◆ Work required ◆
Please retype the data below exactly, stopping after the line with "poseta plic handmade" and skipping every picture.

--- START ---

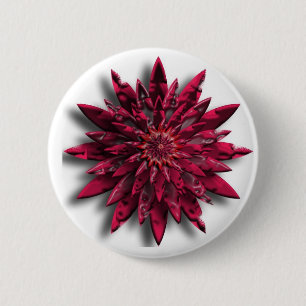 Badge Rond 5 Cm fleur rouge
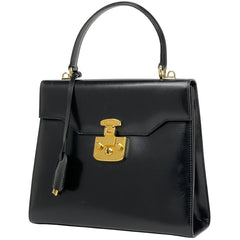 グッチ レディロック ハンドバッグ 0004060258 2WAY ショルダーバッグ ハンドバッグ レザー ブラック レディース 【中古】 brbag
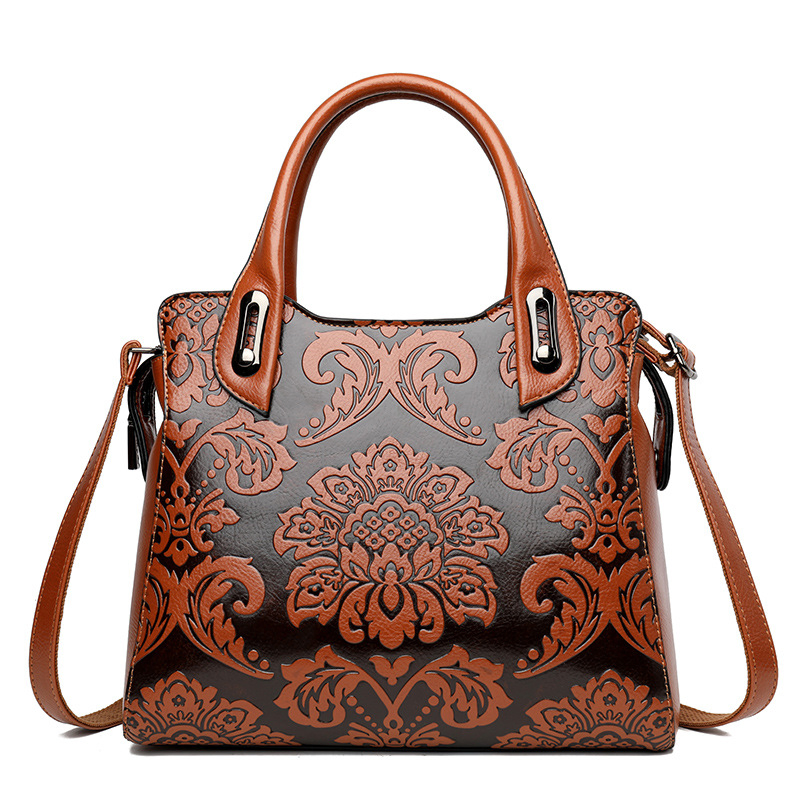 (V604) Lady Fashion PU Leather Embossed Flower Pattern Bag Women Tote Handbag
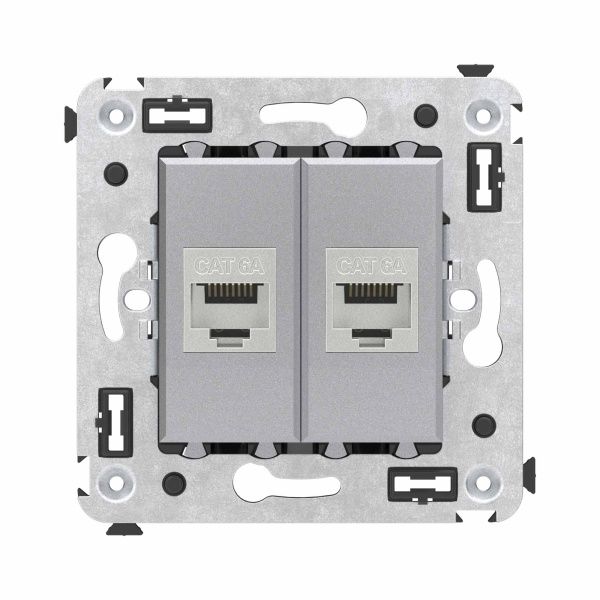Компьютерная розетка RJ-45 без шторки в стену, кат.6А двойная экранированная, Avanti, закаленная сталь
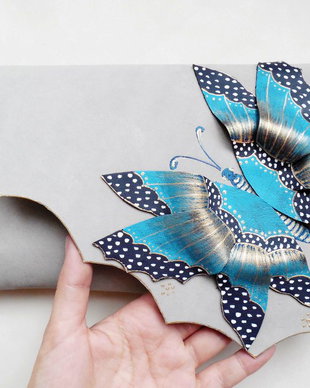 poseta plic handmade unicat din piele - Turquoise Blue Butterfly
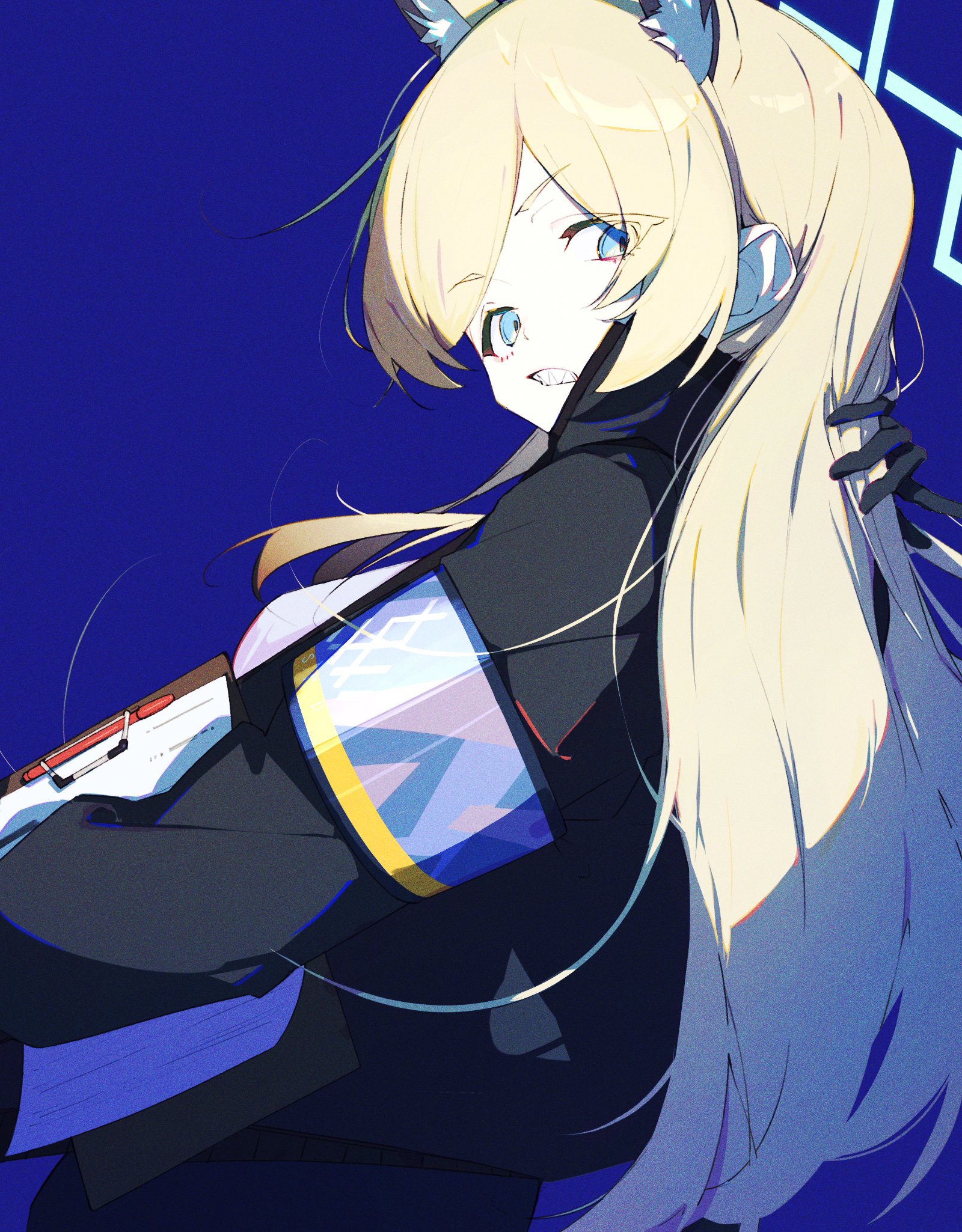 karasuri, kanna (blue archive), blue archive, highres, 1girl, animal ears, blonde hair, blue background, blue eyes, blue halo, halo, long hair, long sleeves, looking at viewer, looking back, police, police uniform, policewoman, solo, wolf ears, wolf girl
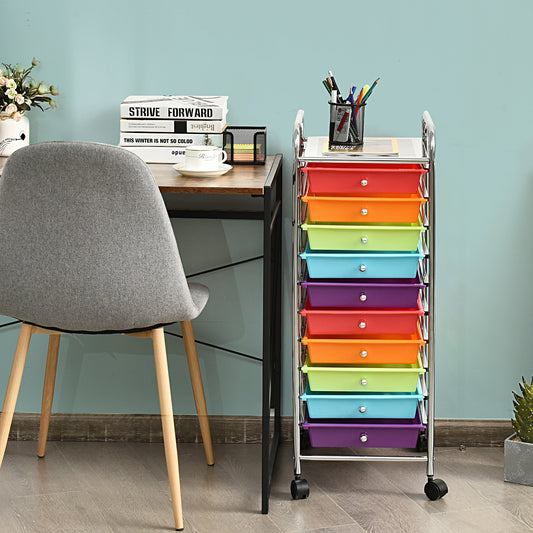 10 Drawer Rolling Storage Cart Organizer, Multicolor File Cabinets Multicolor at Gallery Canada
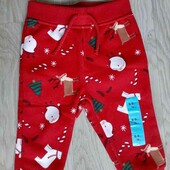Primark брендовые теплые штанишки с новогодним принтом на малечу рост 74 см
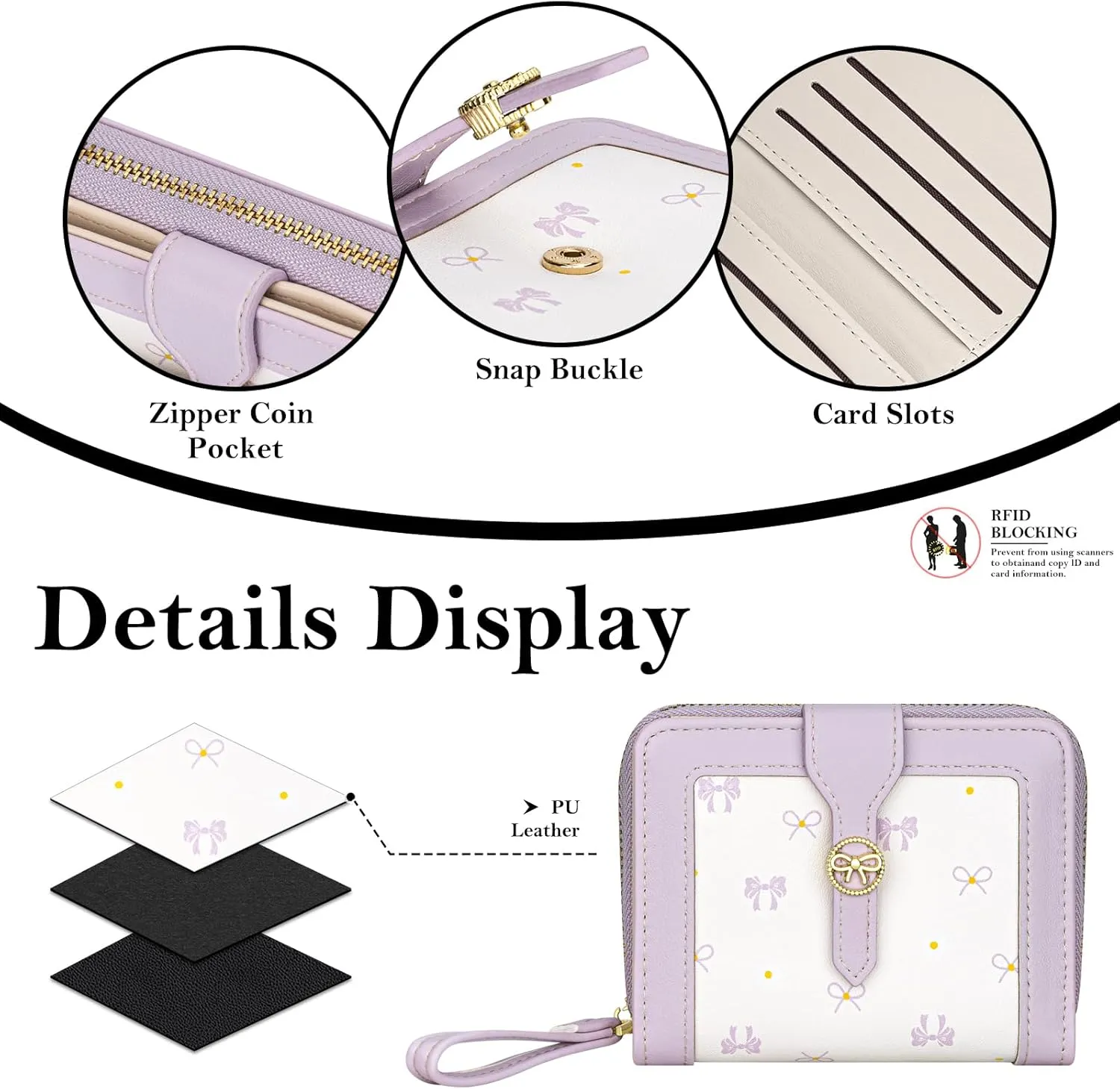 BIAOTIE Bow Women's Wallet Cute Bifold Zipper Around Wallet for Women RFID Credit Card Holder Purse for Ladies Aesthetic Leather Card Holder Purse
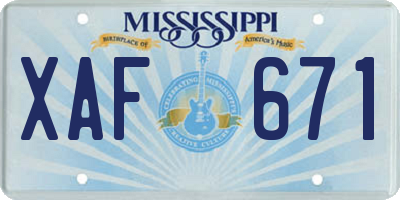 MS license plate XAF671
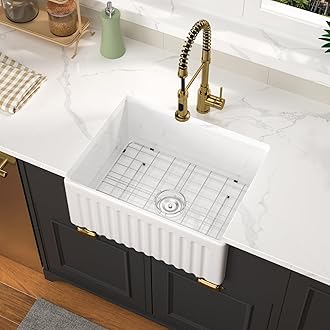 24 Inch White Farmhouse Sink - GhomeG 24 Inch White Fireclay Apron Front Kitchen Sink Single 10 Inch Deep Ceramic Farm Farmer Style Basin 24x18x10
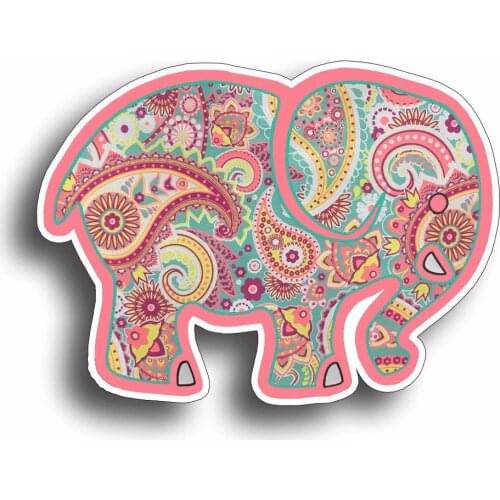 Pink Elephant Sticker Car Cup Cooler Window Bumper Paisley Laptop Pattern Decal 3 x5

--- END ---

◆ Solution for this problem ◆
 Badge Rond 5 Cm fleur rouge
 グッチ レディロック ハンドバッグ 0004060258 2WAY ショルダーバッグ ハンドバッグ レザー ブラック レディース 【中古】 brbag
 (V604) Lady Fashion PU Leather Embossed Flower Pattern Bag Women Tote Handbag
Компьютерная розетка RJ-45 без шторки в стену, кат.6А двойная экранированная, Avanti, закаленная сталь
 poseta plic handmade unicat din piele - Turquoise Blue Butterfly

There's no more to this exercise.